Crepe Myrtle (Lagerstroemia indica) is a deciduous, vase-shaped tree which grows to about 6m. They are quite adaptable in that it can be severely pruned and grown as a shrub. The foamy trusses of white, pink, mauve or purple blooms appear in late summer. In the autumn, the mid-green leaves turn yello, orange or red before falling. These trees have the most amazingly beautiful smooth, mottled coloured trunks. A personal favourite, I have to admit!





Claret Ash (Fraxinum angustifolia 'Raywood') one the easiest and most successful trees grown for autumn colour in frost-free climates. Their leaves really do develop into a variety of subtle hues of claret, often accompanied by pendulous clusters of winged seeds. Due to its ease of growing Claret Ash are often used as street trees.
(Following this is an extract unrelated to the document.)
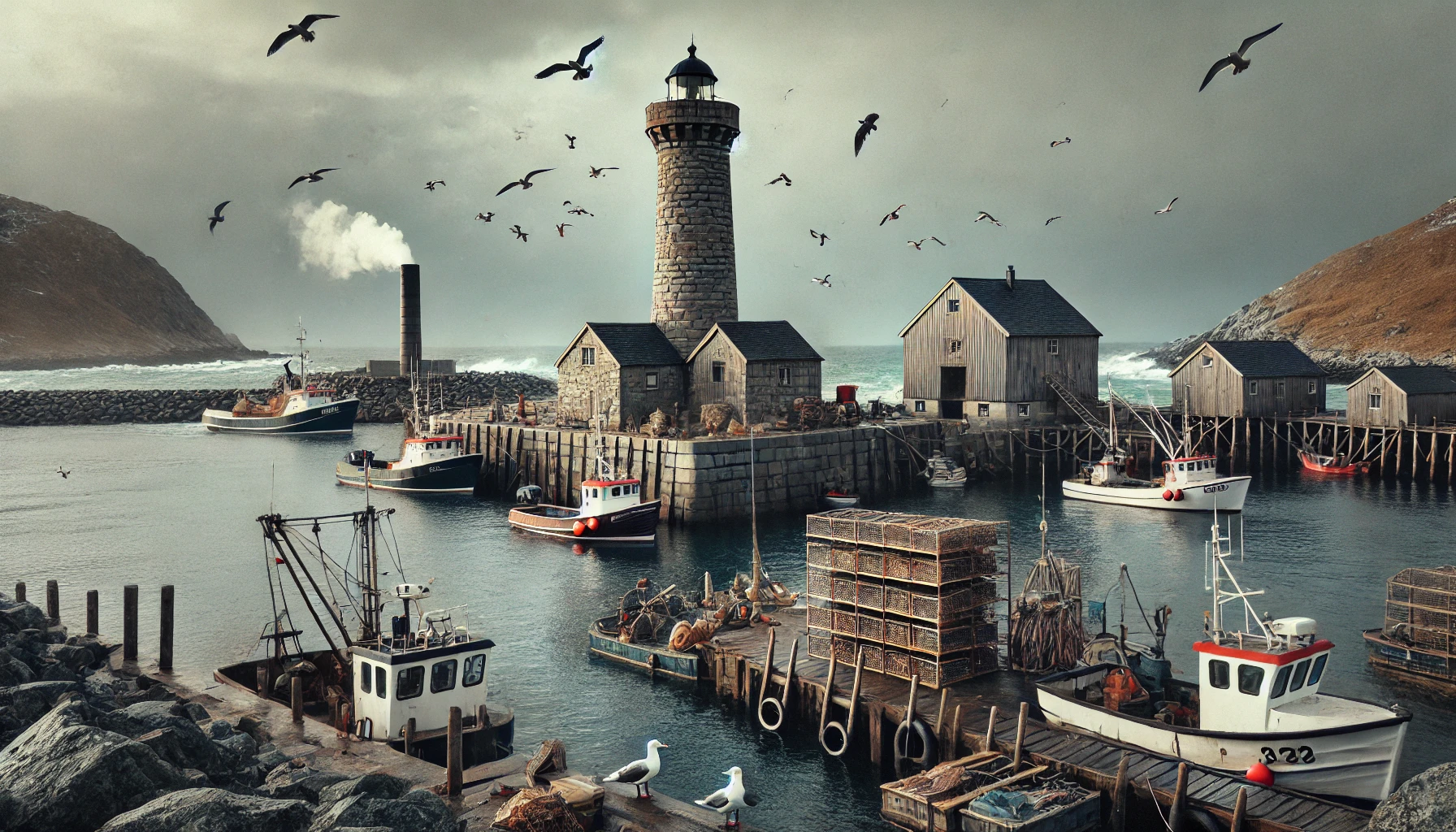 Hafen von Antlas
Chinese Pistachio (Pistacia chinensis) a lovely small, fast-growing deciduous tree which has great autumn colour from bright orange to yellow or scarlet. The bark is dark grey with shallow furrows and has interesting pinnate leaves.








Diamond-leaf laurel (Auranticarpa rhombilfolia, syn. Pittosporum rhombifolium is an evergreen rainforest tree native to coastal northern NSW. In late spring, it is covered with white flowers which later turn into clusters of orange autumn fruit (which birds rarely eat) so these fruits persist into winter. Not real happy about heavy clay soils, it can be used as a hedge, large shrub or a semi-formal standard. 


So in conclusion, yes it is possible to have some wonderful colour although it has to be said, we will have to travel to colder climates to see eye-wateringly beautiful swathes of autumn colour.